Tuesday, May 22nd, 2007

korean train 1No, it has not happened and no one is making any official suggestion that it is even on the cards. But the recent demonstration of trains running between North and South Korea is a step — even if only on a one-off test basis — a big step in the right direction.

There are hopes are for regular trains to start carrying workers to the industrial center at Kaesong, and for tourists to be able to use the trains for visiting Mount Kumgang in the east. No North Korean visitors to the South would be expected until there is a radical change in politics — but it could happen.

The railway between the North Korean port of Najin and the Russian town of Khasan needs repairs and impovements and this is being considered by the Russians who would like to develop the port into a logistics hub and and future oil and gas terminal. The port is also close to the Chinese border and Beijing has promised Pyongyang $1 billion to improve the port and the railway as well.

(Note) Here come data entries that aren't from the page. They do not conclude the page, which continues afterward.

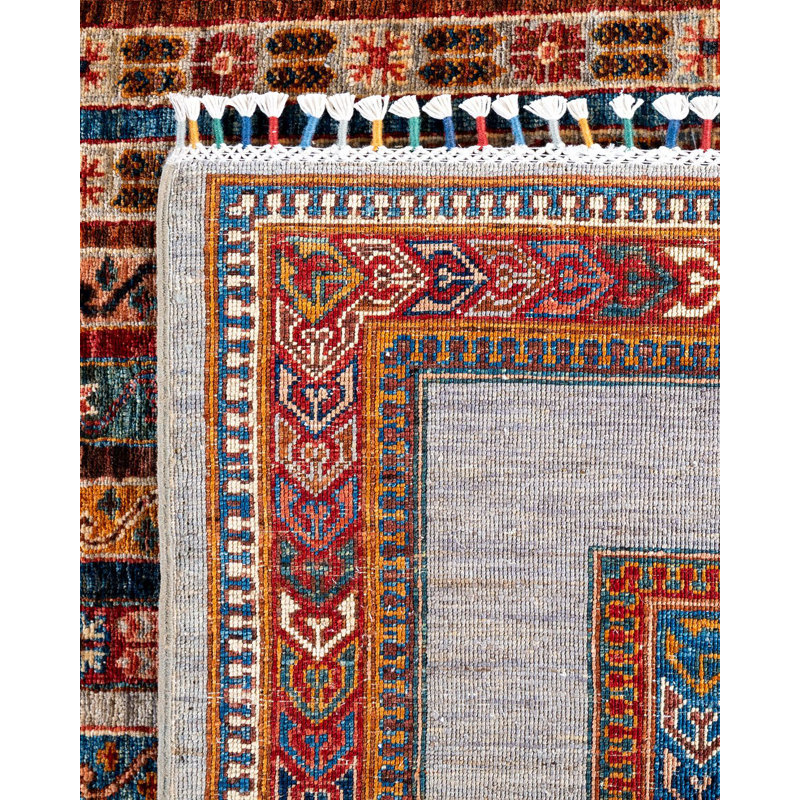 Tribal One-of-a-Kind Rectangle 8'3" X 9'10" Hand Knotted Area Rug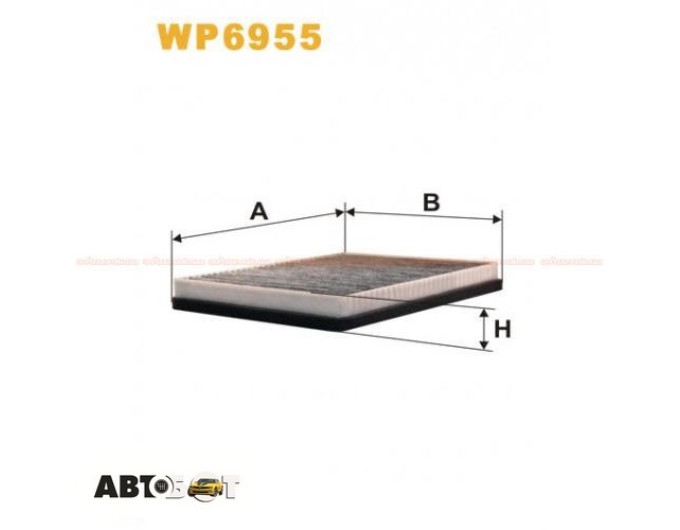 Салонный фильтр WIX WP6955, цена: 999 грн.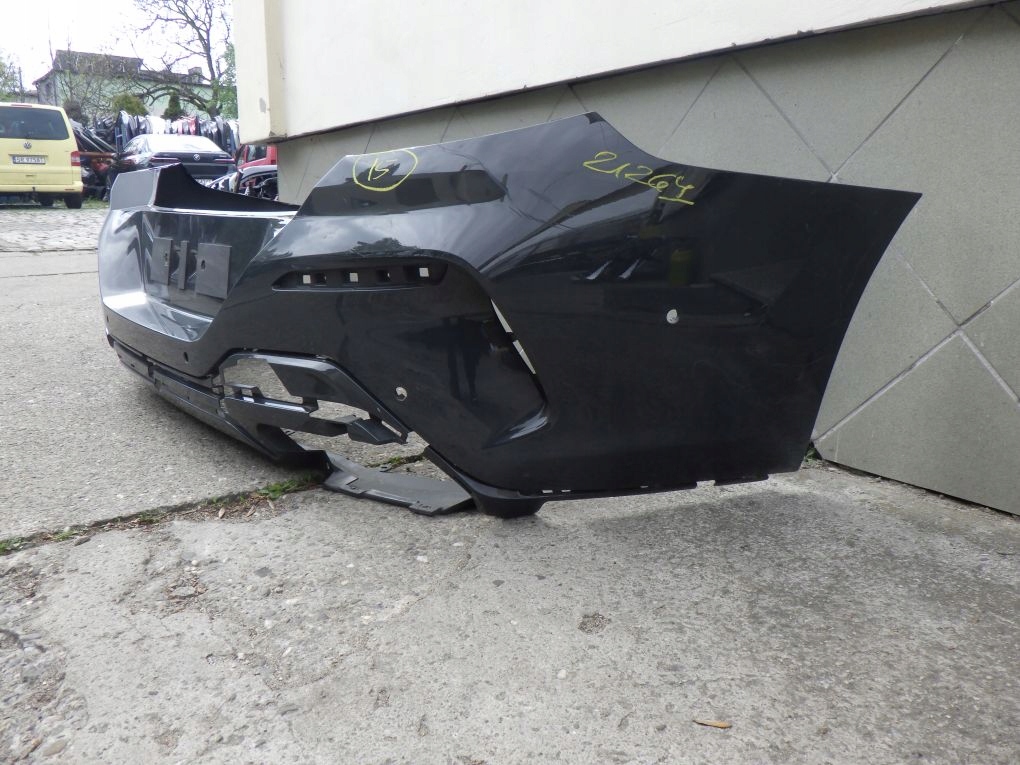 BMW 8 G16 GRAN COUPE M PAKIET bumper rear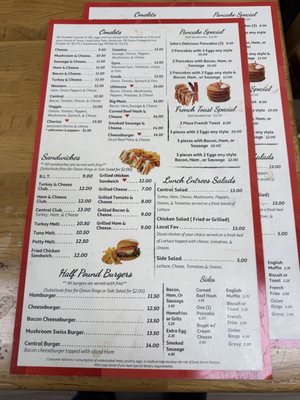 Menu photo 5 Central Diner Saint Petersburg, FL Menu photo 5 Central Diner Saint Petersburg, FL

According to Senior Executive Director of Korail, 2008 is the target for introduction of through-trains between Seoul and China. Well, yes, but if the North Koreans are not willing to play ball it is not going to happen. And their recognition of the first trains to cross was very muted.

But it could happen and should reduce transportation costs for South Korean exporters. And maybe, just maybe, the rail system will open up and the station at Dorasan will see some cross border passengers.